Hung chronologically, the exhibition gives us the different phases of Kandinsky’s work and his journey towards abstraction (also covered, on a smaller scale, by Tate in 2006).
His early figurative work attests to his Russian roots and has more in common with his Russian contemporaries than the European avantgardes at the turn of the century. Riding Couple and Chanson de la Volga are influenced by fantasies portrayed in decorative arts, such as the Ivan Bilibin’s illustrations and decors, and lubok (Russian folk art), a genre defended by Kandinsky in a treatise published later in Der Blaue Reiter.
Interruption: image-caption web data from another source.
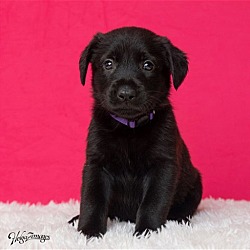 Photo of Jana litter - Lily (purple c) - adoption pending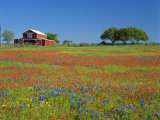 Paintbrush Flowers and Red Barn in Field, Texas Hill Country, Texas, USA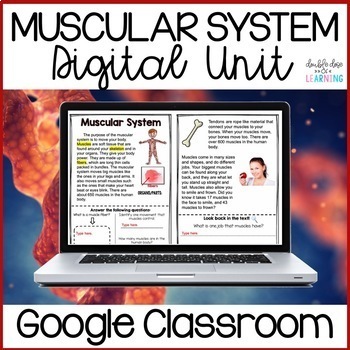 Preview of Human Body: Muscular System Digital Distance Learning GOOGLE Unit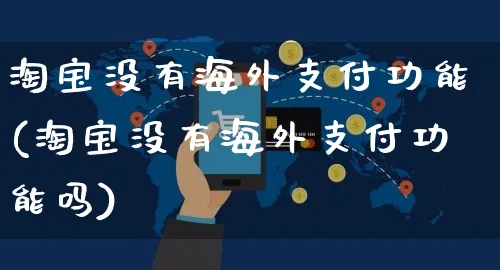 淘宝没有海外支付功能(淘宝没有海外支付功能吗)_https://www.czttao.com_亚马逊电商_第1张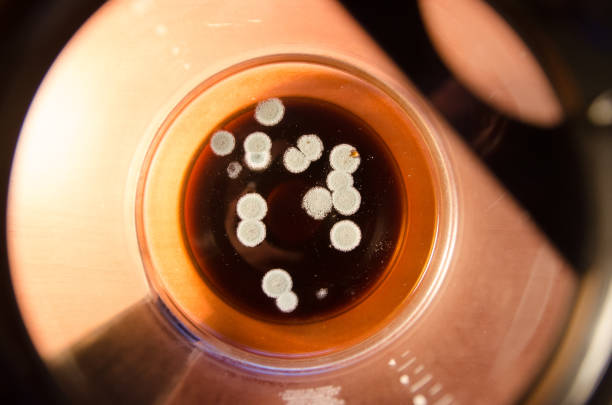 istock Top view of mold in coffee 1489318373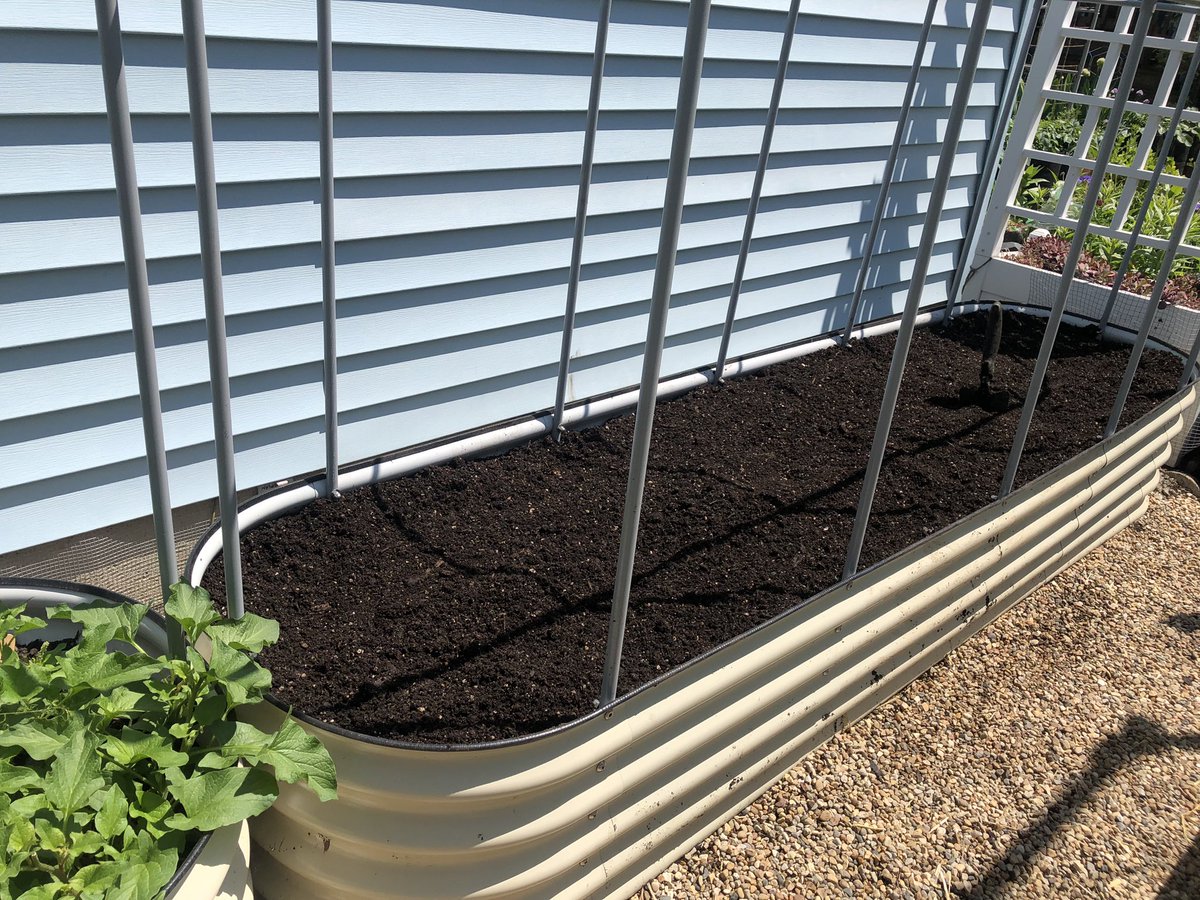 So today’s massive project was hand-digging entire 17”D x 8’L x 2’W bed with spade (shovel impossible because of bug mesh frame), laying wall-to-wall hardware cloth, installing watering reservoirs I am trialing, & putting the dirt back. (2/2) #oww #UrbanGardening #OldManAndTheSea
Wassily Kandinsky, Chanson de la Volga, 1906, Courtesy of the Pompidou Centre
Ivan Bilibin, Red Horseman from Vasilisa the Beautiful, 1899
The main event of the exhibition is the central room, showing paintings from 1911 – 1914. There is no blurb in this part of the show, just pure Kandinsky. The colours are brilliant and the forms and compositions seem to be a completely honest expression of painterly experimentation- they don’t represent anything other than a pure sensory experience. A couple of compositions claw their way back into the figurative (Landscape with Rain). When compared with some of the his earlier landscapes, for example Landscape near Murnau with a Locomotive, which already has the germ of abstraction, we get an idea of how Kandinsky got where he did.

Wassily Knadinsky, Landscape near Murnau with a Locomotive, 1909, courtesy of Guggenheim New York

Wassily Kandinsky, Landscape with Rain, 1913
The exhibition also includes books, manuscripts and works on paper from the Pompidou Centre’s Kandinsky archive and a “portfolio” of works offered to Kandinsky by his students at the Bauhaus on his 60th birthday.
It is poignant to learn how the work of such a pivotal figure in modern art was sidelined and censored at the end of his career. After the closure of the Bauhaus in 1933, the German authorities were no longer interested in Kandinsky’s work (this is when a lot of it was bought up by Solomon Guggenheim) while back in his native Russia the authorities were putting his paintings in storage in line with Stalin’s aesthetic policies. Kandinsky, forced into a nomadic existence throughout his career, ended his days in Paris in 1944.